For some odd reason the hospital seemed to be where my eyes were currently scheming over, and not the back of the school where I remember passing out at-well where I got stomped unconscious at. I had a headache that was splitting me in half and this bright light over my hospital bed wasn't helping at all. I couldn't fully view my body and when I tried to move my arm to raise the cover and see the damage, it only caused more pain to shoot through me— that alone let me know I was messed up pretty bad. Being that I couldn't move at the moment and my body wasn't reacting to my nerves telling it to move, I felt like a vegetable.

My eyes were seeing two of everything, and on top of that everthing that I was seeing was a big massive blur.

"Fuck." I grunted lowly after trying to turn my head to the side.

After realizing I really couldn't move, I just laid there, looking at the light above me—thinking, rememberimg the events that put me in this predicament in the first place. My memory is vague, but I remember bits and pieces of what happened.

I got in a fight with Justin's crew, I was holding up....and then I started losing the battle that was never really mine.

And right before I went completely down, someone came to help and defend me— an antisocial, crazy ass, stupid fucking person came to help me fight.

Fucking idiot!

Why would she do that? She sacrificed her safety her well-being for me. She could have died trying to help me— and I'm sure she knew that her dying was an outcome, so why did she do it? No one cares about me, no one runs when I come calling; not even my family cares. But she put her life on the line for a nigga that can't say he would do the same for her. Yet, that girl — the one who hides her pain— she ran to me...and I didnt even call her. I couldn't comprehend it, I couldn't justify it, I couldn't understand why she came to my side when I hardly treated her like a friend, or an associate. If anything I treat her like an enemy that doesn't know she's my enemy. So why? Why did she help me?

I aint never really had nobody, and when I had somebody they were taken from me — so she'll have to forgive me for the times that she feels as if I'm heartless. The world made me this way.

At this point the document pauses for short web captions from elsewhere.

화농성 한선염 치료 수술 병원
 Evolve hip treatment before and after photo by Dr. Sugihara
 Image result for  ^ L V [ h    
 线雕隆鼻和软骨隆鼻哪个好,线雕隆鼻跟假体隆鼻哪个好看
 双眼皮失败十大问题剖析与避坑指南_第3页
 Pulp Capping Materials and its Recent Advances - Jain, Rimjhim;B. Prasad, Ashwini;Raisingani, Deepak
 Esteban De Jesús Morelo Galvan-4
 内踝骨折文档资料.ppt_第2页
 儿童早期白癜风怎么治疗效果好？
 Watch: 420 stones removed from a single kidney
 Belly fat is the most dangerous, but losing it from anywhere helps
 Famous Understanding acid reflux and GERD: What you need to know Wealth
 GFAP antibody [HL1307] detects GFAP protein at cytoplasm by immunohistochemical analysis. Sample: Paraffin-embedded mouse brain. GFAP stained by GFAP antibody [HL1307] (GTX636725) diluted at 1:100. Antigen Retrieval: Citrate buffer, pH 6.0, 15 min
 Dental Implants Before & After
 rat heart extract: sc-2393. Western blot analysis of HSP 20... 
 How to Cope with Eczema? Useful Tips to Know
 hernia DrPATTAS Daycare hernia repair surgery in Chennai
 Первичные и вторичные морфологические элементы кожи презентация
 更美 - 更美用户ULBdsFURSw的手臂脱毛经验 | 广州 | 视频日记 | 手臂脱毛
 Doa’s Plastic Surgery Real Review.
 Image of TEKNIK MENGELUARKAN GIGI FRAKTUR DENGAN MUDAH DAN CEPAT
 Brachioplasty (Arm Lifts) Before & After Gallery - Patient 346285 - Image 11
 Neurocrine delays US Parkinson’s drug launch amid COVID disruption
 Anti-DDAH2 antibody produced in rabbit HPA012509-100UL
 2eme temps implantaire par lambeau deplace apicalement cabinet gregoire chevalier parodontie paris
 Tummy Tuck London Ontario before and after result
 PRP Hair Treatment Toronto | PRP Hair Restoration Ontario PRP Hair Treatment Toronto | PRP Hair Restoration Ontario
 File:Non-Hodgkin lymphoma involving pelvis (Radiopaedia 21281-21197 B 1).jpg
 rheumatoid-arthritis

I just, I can't let her in...

No matter how hard she's deeming herself worthy.

"Delilah I really think you should stay in bed today, you've been moving around too too much."

Lilah!

"I-I know Ms. Morris, but I stay in here most of the time."

Her voice sounded like it was gone out and it pained her to speak. I couldn't see her, but I heard that strain and already knew when I saw her it would be hard to look at her for too long.